Principal Component Analysis
Access Athinia Catalyst at catalyst.athinia.io.
Overview
Principal Component Analysis (PCA) converts a set of correlated numeric variables into a smaller ordered set of orthogonal (uncorrelated) latent variables called principal components (PCs). PC1 captures the largest share of total variance, PC2 the next largest, and so on. Each observation (lot, wafer, pass, die) is projected into this space to obtain PC scores. This makes high‑dimensional structure visible, suppresses noise, reduces redundancy, and provides a stable basis for clustering and drift or excursion detection.


Typical Semiconductor Uses
Inline metrology (critical dimension, overlay, thickness), chamber sensors (pressure, temperature, RF power), electrical parametrics (resistance chains, threshold voltage families), wafer map texture embeddings, and material characterization panels often contain dozens to hundreds of mutually correlated variables. PCA compresses them into a handful of composite signals so that:
- Excursions emerge earlier as a shift in one PC.
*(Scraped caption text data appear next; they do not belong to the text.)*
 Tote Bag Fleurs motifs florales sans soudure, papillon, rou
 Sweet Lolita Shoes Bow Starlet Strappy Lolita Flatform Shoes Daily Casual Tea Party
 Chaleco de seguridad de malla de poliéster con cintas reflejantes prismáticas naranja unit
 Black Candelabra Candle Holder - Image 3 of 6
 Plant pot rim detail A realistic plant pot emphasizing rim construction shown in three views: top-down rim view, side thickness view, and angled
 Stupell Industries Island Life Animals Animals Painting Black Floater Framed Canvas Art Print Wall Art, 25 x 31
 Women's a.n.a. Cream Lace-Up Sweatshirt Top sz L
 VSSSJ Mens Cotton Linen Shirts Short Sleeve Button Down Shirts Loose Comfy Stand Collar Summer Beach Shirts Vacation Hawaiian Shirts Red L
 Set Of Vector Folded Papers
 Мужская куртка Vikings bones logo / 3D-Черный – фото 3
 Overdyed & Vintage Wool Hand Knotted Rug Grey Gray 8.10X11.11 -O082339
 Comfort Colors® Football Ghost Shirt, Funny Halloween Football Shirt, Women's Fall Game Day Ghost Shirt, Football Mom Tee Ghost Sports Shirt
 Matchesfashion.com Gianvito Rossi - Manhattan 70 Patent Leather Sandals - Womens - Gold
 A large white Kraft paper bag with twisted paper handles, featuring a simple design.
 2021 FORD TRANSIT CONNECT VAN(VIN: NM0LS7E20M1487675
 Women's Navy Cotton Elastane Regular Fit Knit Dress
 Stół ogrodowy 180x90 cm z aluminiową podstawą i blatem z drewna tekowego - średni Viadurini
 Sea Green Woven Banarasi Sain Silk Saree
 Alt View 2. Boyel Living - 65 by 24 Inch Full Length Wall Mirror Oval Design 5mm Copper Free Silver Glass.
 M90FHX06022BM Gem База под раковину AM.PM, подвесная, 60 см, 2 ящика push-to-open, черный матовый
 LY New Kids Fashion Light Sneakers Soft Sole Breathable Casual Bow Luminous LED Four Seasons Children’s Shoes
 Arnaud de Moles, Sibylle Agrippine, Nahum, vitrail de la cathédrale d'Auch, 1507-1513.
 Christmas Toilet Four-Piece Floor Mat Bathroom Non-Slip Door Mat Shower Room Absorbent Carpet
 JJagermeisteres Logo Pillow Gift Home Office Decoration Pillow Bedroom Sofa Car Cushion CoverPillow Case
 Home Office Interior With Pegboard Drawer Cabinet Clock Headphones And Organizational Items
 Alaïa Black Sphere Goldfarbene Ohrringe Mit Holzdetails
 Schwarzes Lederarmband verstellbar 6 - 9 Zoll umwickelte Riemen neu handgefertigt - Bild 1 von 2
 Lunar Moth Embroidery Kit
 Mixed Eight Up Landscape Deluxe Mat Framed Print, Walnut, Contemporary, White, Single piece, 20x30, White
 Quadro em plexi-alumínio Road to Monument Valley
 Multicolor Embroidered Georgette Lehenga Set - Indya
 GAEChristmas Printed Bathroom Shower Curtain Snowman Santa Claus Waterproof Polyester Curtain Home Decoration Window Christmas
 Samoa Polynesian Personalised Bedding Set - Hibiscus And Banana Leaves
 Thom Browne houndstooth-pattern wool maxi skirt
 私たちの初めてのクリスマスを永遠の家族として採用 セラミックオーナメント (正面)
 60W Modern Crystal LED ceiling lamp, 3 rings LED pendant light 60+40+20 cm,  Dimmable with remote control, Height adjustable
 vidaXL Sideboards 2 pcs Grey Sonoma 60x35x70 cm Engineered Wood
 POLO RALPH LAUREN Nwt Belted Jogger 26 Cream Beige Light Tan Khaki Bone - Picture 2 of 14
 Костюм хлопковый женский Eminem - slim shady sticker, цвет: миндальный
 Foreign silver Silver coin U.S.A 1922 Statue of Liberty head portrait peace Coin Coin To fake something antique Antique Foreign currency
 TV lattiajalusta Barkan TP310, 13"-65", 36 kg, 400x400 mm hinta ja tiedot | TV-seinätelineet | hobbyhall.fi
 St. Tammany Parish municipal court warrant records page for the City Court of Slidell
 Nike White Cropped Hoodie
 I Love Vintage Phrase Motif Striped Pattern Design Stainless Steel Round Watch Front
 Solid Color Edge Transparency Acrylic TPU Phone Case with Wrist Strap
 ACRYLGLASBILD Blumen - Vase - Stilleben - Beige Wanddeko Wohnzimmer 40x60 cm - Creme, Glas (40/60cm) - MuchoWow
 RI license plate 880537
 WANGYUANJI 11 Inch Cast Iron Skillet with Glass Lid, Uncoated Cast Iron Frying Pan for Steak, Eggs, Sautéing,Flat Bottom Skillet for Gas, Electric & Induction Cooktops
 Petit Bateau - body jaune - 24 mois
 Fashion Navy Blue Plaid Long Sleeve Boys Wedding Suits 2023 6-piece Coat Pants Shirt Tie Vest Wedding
- Tool or chamber matching compares score distributions instead of noisy raw channels.
- Yield drift root causes link feature loadings to lithography, CMP, plating, or etch phenomena.
- Defect pattern or spatial texture descriptors cluster more cleanly after reduction.
- Material supplier or lot variability is monitored with a compact PC dashboard. Example: 500 metrology + parametric variables may reduce to ~8 components explaining >90% cumulative variance and separating normal vs. edge-drift vs. focus-misalignment populations.
Core Concepts
- Explained variance ratio: Fraction of total variance a PC accounts for.
- Cumulative explained variance: Running total used to decide how many PCs are “enough” (often 90–95%).
- Loadings (feature contributions): Signed weights mapping original features to a PC; magnitude = influence; sign = direction relative to other features.
- Scores: Coordinates of each observation in PC space (used for visualization and clustering).
- Cluster difference contribution: Adjusted score indicating how strongly a feature differentiates two user-defined clusters.
Interface Structure
The PCA module consists of a left sidebar (column selection), a tab bar (Explained Variance, Cluster Analysis), and a main workspace. You must select at least two numeric columns for computation. On first load the system auto-selects numerical columns that belong to feature groups to reduce setup time. Changing the selection triggers recomputation of variance ratios, loadings, and scores.